Issue-wise Detailed Analysis:

1. Whether the gift of movables valued at Rs. 67,578 is a gift made in contemplation of death within the meaning of section 5(1)(xi) of the Gift-tax Act, 1958:

The facts of the case reveal that Abdul Karim Mohammed executed a document styled as a "settlement will" gifting certain movables to the assessee-respondent, valued by the Gift-tax Officer at Rs. 67,578. The document was executed on April 24, 1964, while the donor was seriously ill and he died of the illness after about six weeks. The assessee claimed exemption under section 5(1)(xi) of the Gift-tax Act, which exempts gifts made in contemplation of death from being charged under the Act.

The Gift-tax Officer rejected the claim, but the Appellate Assistant Commissioner allowed the exemption, citing the circumstances of the gift and the subsequent death of the donor. The Tribunal affirmed the factual findings but did not agree with the exemption, stating that two other conditions must be satisfied: delivery of possession and the gift being conditional on the donor's death.

The High Court, however, opined that it is not necessary for the deed to explicitly state that the property would revert to the donor if he recovered from the illness. This condition could be inferred from the circumstances. The High Court relied on affidavits from the Sub-Registrar and the doctor to conclude that the donor was seriously ill and expected to die shortly, thus making the gift in contemplation of death.

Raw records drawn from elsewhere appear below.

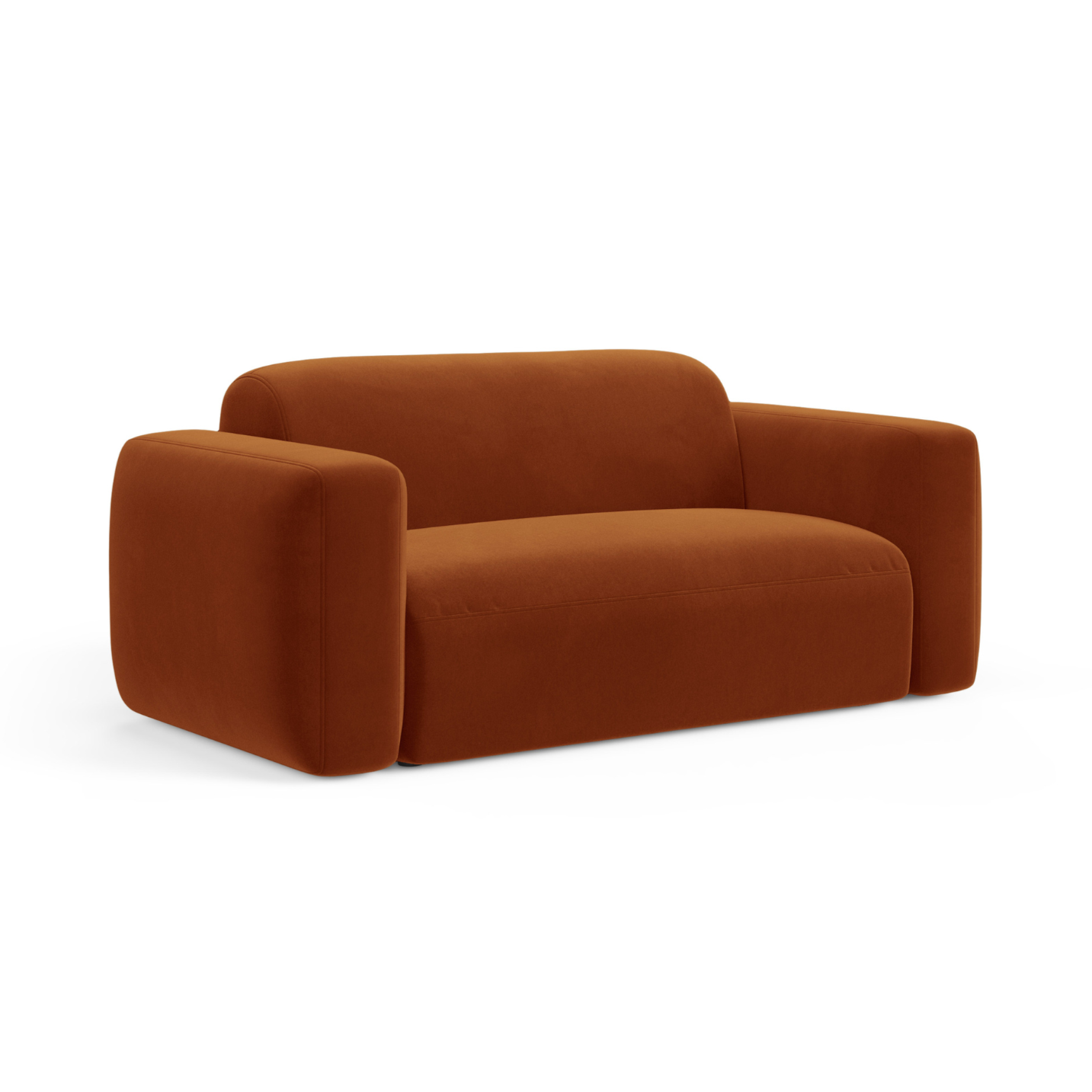 Sofa sametová 2-osobová STRINO terakota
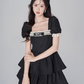 Retro jacquard French dress for women with square collar and lace trim, summer puff sleeves, black slim short skirt R4117
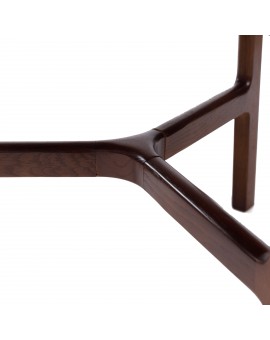 BELLUNO Přírodní ořech (tmavě hnědá) - DŘEVĚNÝ KONFERENČNÍ STOLEK Ø65 cm KULATÝ MODERN CLASSIC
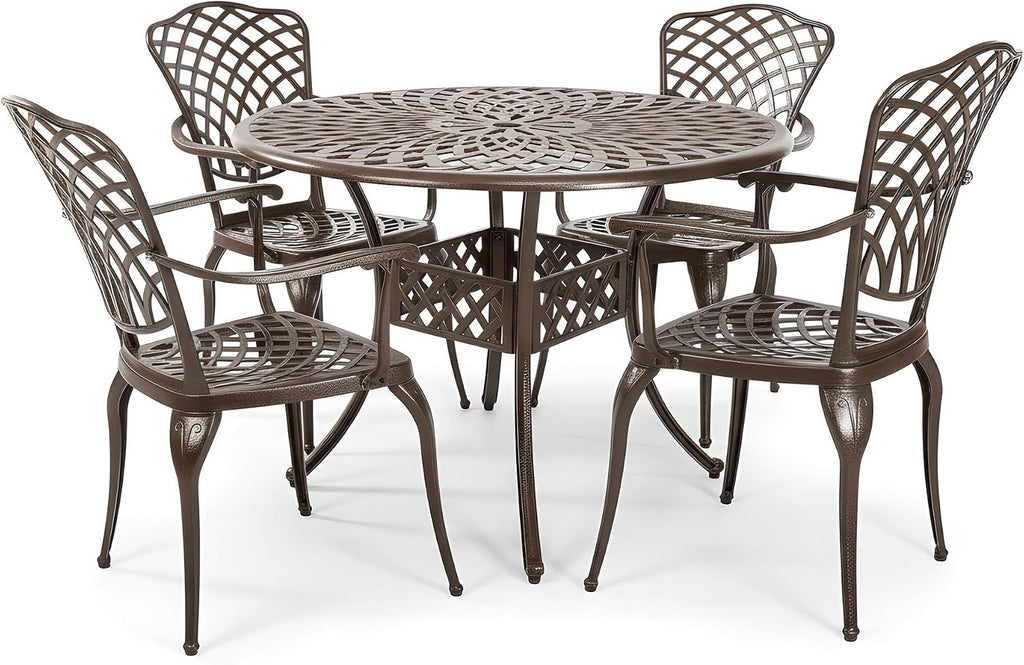 Mazatzal 5 Pieces Outdoor Furniture Dining Set for 4 All-Weather Cast Aluminum Round Patio Table and Chairs Outdoor Furniture Set with Umbrella Hole Retro Bronze Pattern Design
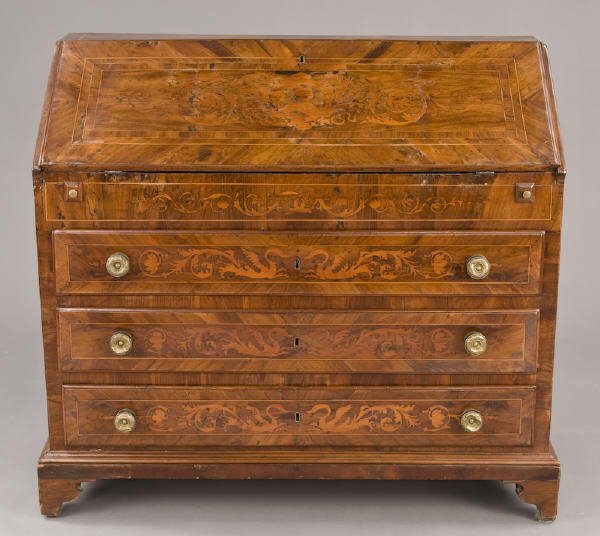 Italian 18th C. slant front inlaid walnut bureau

The Supreme Court examined the statutory provisions, particularly section 5(1)(xi) of the Gift-tax Act and section 191 of the Indian Succession Act, which defines gifts made in contemplation of death. The Court outlined the requirements of such gifts: the gift must be of movable property, made in contemplation of death, the donor must be ill and expect to die shortly, possession must be delivered to the donee, and the gift does not take effect if the donor recovers.

The Court noted that all conditions except the last one were met. The Court emphasized that the recitals in the deed are not conclusive and that evidence can be produced to prove the donor's state of mind and circumstances. The Court referred to legal principles stating that the conditional nature of the gift is implied if made during the donor's last illness and in contemplation of death.

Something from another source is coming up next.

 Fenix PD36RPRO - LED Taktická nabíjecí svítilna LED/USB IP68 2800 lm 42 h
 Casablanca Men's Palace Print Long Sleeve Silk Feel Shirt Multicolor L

The Court also addressed the argument that section 191 of the Indian Succession Act does not apply to marz-ul-maut gifts under Mahomedan law. The Court clarified that the exemption under section 5(1)(xi) applies if the gift meets the conditions of section 191, regardless of personal law. The Court noted that marz-ul-maut gifts have similar conditions and are subject to strict scrutiny.

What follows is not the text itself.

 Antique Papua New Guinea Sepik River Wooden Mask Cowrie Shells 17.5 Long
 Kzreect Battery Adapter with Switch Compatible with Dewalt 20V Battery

The Court concluded that the gift in question was made in contemplation of death and thus entitled to exemption under section 5(1)(xi). The appeal was dismissed, and the High Court's view was upheld.

Conclusion:

The Supreme Court upheld the High Court's decision, affirming that the gift of movables valued at Rs. 67,578 was made in contemplation of death and thus exempt from gift-tax under section 5(1)(xi) of the Gift-tax Act, 1958. The appeal was dismissed with costs.